___ Material to process ___

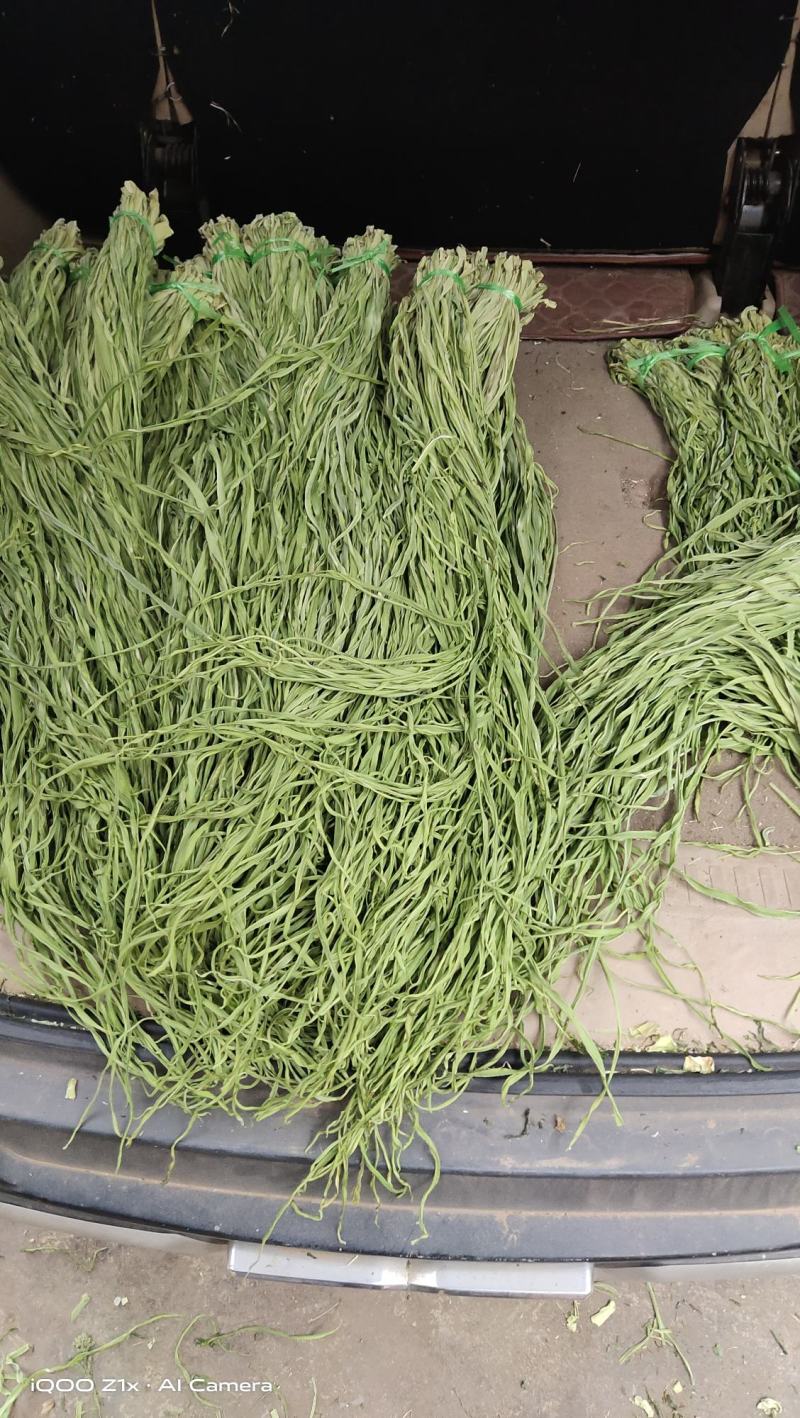 贡菜优质贡菜销售一手货源干度好产地直供代发欢迎老板联系
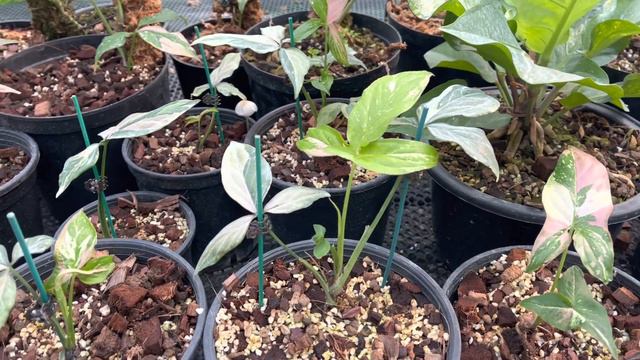 Kết quả cutting syngonium tricolor - LUXE GARDEN - Monstera Việt Nam смотреть онлайн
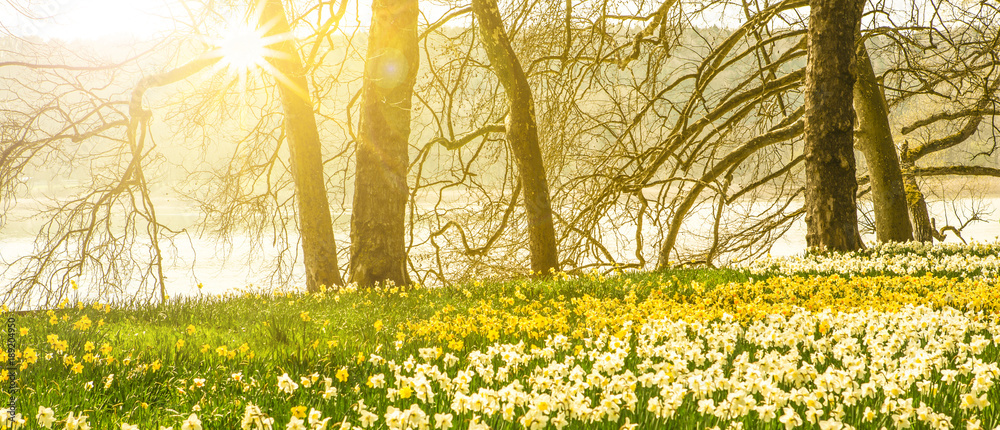 Fototapeta premium Frühlingsblumen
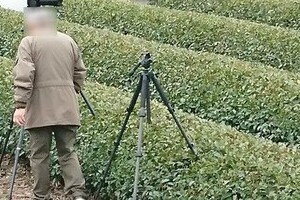 「茶畑に三脚立てる」証拠写真　撮り鉄が撮り鉄を怒りの告発「何も感じないのか？」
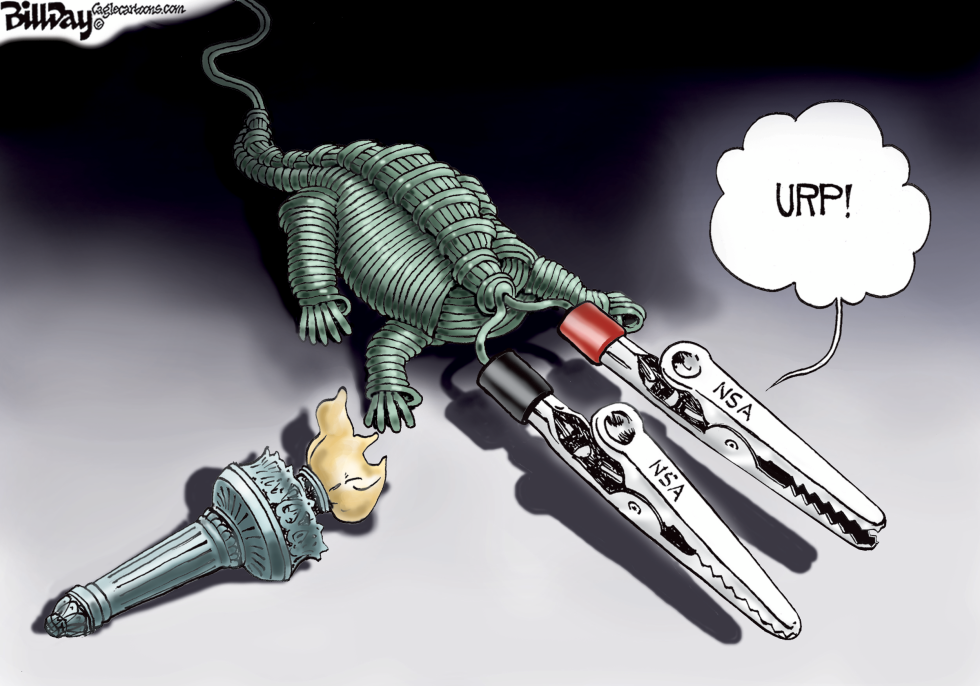  WIRE TAPPING GATOR  by Bill Day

___

## The task
Repeat the listing in full and exactly. Leave any pictures out.

## Exercise solution
 贡菜优质贡菜销售一手货源干度好产地直供代发欢迎老板联系
 Kết quả cutting syngonium tricolor - LUXE GARDEN - Monstera Việt Nam смотреть онлайн
 Fototapeta premium Frühlingsblumen
 「茶畑に三脚立てる」証拠写真　撮り鉄が撮り鉄を怒りの告発「何も感じないのか？」
  WIRE TAPPING GATOR  by Bill Day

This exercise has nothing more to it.